▸ **TASK DIRECTIONS**
The line containing "Костас Слукас преживя" and every line after it, through the last line of the records, are to be transcribed exactly, and nothing else.
⟨
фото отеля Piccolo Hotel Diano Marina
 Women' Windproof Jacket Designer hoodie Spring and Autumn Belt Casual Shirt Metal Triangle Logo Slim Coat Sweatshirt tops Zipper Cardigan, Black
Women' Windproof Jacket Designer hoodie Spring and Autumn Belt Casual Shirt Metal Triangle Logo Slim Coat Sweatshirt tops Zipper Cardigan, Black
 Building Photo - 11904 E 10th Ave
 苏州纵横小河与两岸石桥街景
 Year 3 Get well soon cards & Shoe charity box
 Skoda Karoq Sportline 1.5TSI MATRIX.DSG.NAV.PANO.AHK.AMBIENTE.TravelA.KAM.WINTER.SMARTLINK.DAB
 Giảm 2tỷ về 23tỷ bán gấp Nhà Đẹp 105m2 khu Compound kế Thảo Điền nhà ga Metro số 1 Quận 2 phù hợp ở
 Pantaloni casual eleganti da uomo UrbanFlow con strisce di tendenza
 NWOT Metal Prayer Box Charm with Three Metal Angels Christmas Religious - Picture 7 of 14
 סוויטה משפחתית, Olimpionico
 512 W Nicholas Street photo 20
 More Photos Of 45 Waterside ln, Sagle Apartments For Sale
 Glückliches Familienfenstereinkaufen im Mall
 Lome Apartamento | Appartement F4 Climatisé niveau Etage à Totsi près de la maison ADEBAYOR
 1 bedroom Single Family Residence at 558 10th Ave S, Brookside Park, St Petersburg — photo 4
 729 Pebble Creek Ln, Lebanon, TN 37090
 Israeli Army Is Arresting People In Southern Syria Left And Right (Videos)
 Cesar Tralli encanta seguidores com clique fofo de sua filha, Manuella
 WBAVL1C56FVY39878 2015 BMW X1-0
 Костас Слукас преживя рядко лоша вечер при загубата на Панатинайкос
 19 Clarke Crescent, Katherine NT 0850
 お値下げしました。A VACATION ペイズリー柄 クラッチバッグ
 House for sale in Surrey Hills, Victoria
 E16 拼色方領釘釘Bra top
⟩
▸ **RESPONSE FOR THIS EXERCISE**
 Костас Слукас преживя рядко лоша вечер при загубата на Панатинайкос
 19 Clarke Crescent, Katherine NT 0850
 お値下げしました。A VACATION ペイズリー柄 クラッチバッグ
 House for sale in Surrey Hills, Victoria
 E16 拼色方領釘釘Bra top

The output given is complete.